BpForms comes with six alphabets:
- Canonical DNA: The four canonical DNA nucleobases.
- Canonical RNA: The four canonical RNA nucleosides.
- Canonical protein: The 20 canonical protein residues.
- DNA: The four canonical DNA nucleobases, plus the non-canonical DNA nucleobases in DNAmod.
- RNA: The four canonical RNA nucleosides, plus the non-canonical RNA nucleosides in MODOMICS.
- Protein: The 20 canonical protein residues, plus the non-canonical protein residues in RESID.
To support compatibility with the entries in these and other databases, BpForms represents biopolymers as so called
monomers linked together via a
Backbone. For DNAmod based alphabets,
monomers are nucleobases, and the
Backbone is deoxyribose 5-phosphate. For MODOMICS based alphabets
monomers are nucleosides and the
Backbone is hydrogen phosphate. For RESID based alphabets,
monomers are amino acids, and the
Backbone is hydroxide.
3.1. Building additional alphabets¶
Users can also create additional alphabets by creating additional instances of
bpforms.Alphabet.

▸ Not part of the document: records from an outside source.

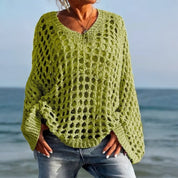 Women's Crochet Beach Jumper | Loose Swimsuit Cover-Up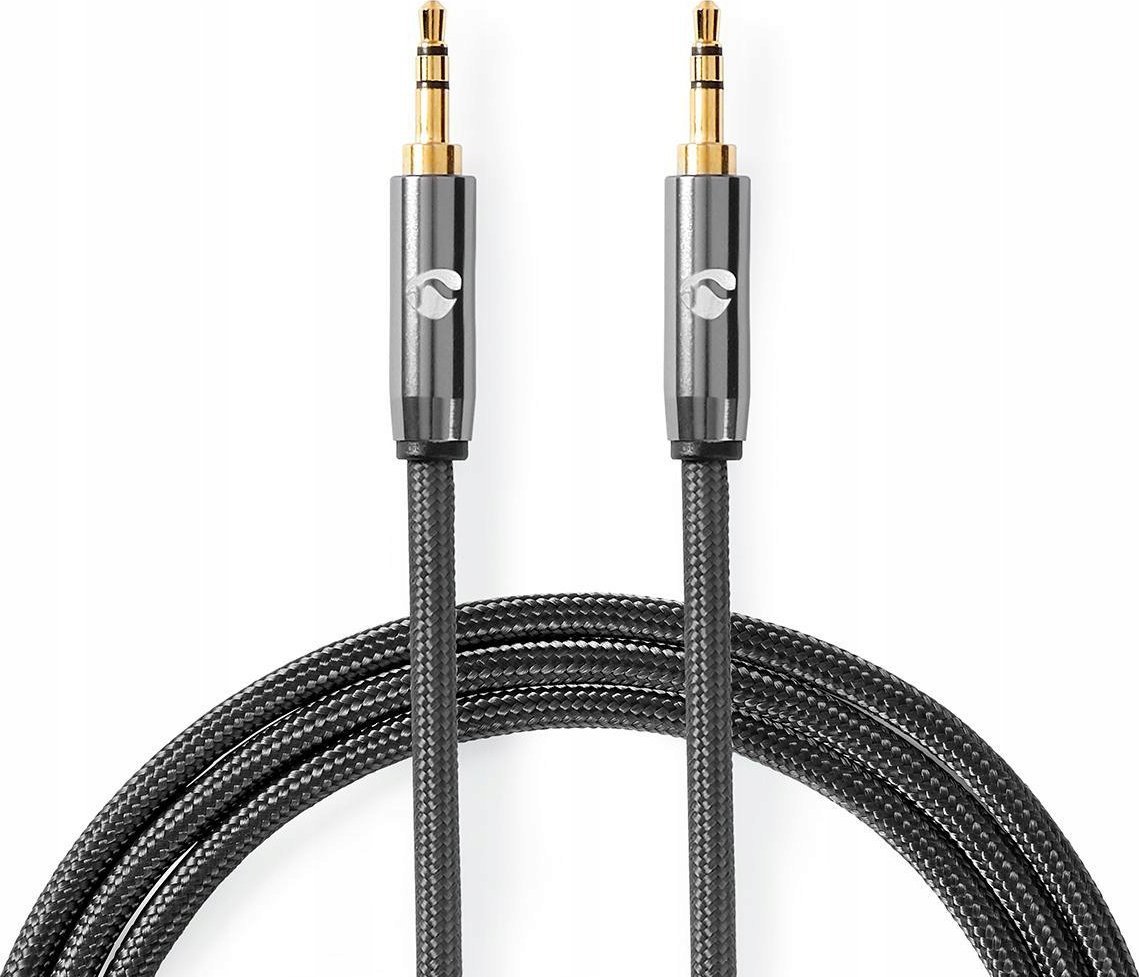Kabllo audio Nedis Profigold, AUX 3.5mm mashkull mashkull, 5m, e thurur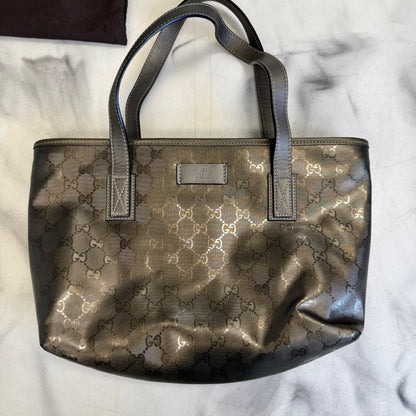 Gucci 2000s Imprime Tote Bag Bronze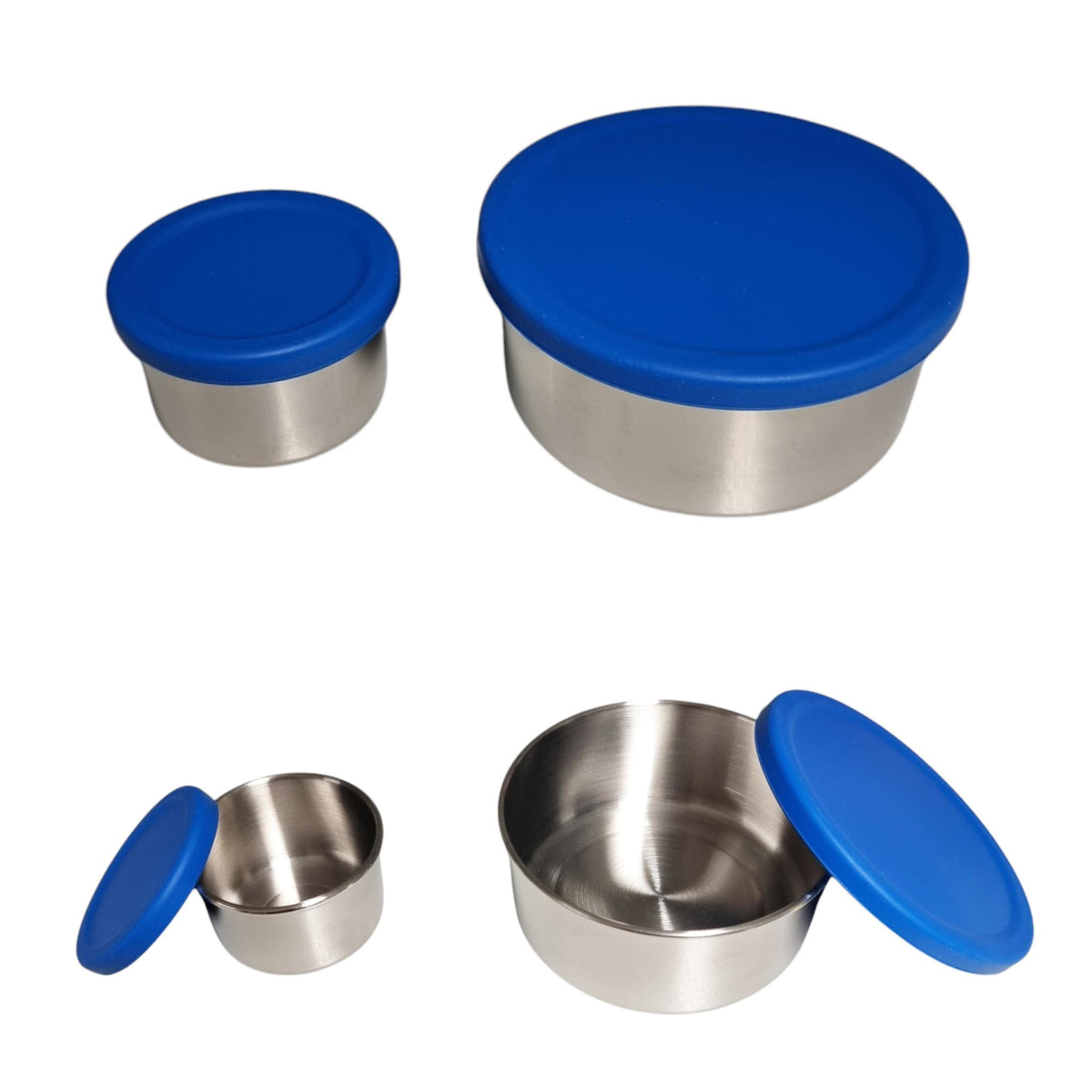 Baurelia Edelstahlbehälter 2er Set Blau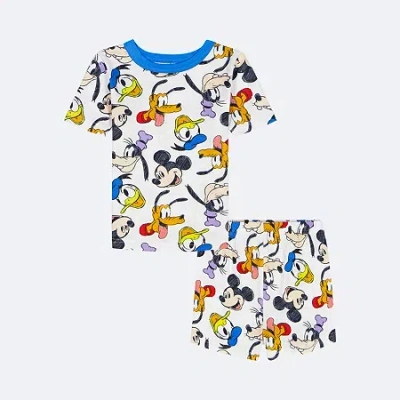 Disney Babies' Collection Toddler Boys Mickey Mouse Crew Neck Short Sleeve 2-pc. Pajama Set In Multi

Users can either add monomers programmatically or load them from YAML files. Users can add monomers programmatically by creating instances of
bpforms.Monomer and adding them to the
monomers attribute of
bpforms.Alphabet, which is a dictionary that maps the character codes of monomers to monomers. Users can load monomers from YAML files by using the
from_yaml method of
bpforms.Alphabet. Please see bpforms/alphabet/dna.yml for an example of the YAML alphabet format.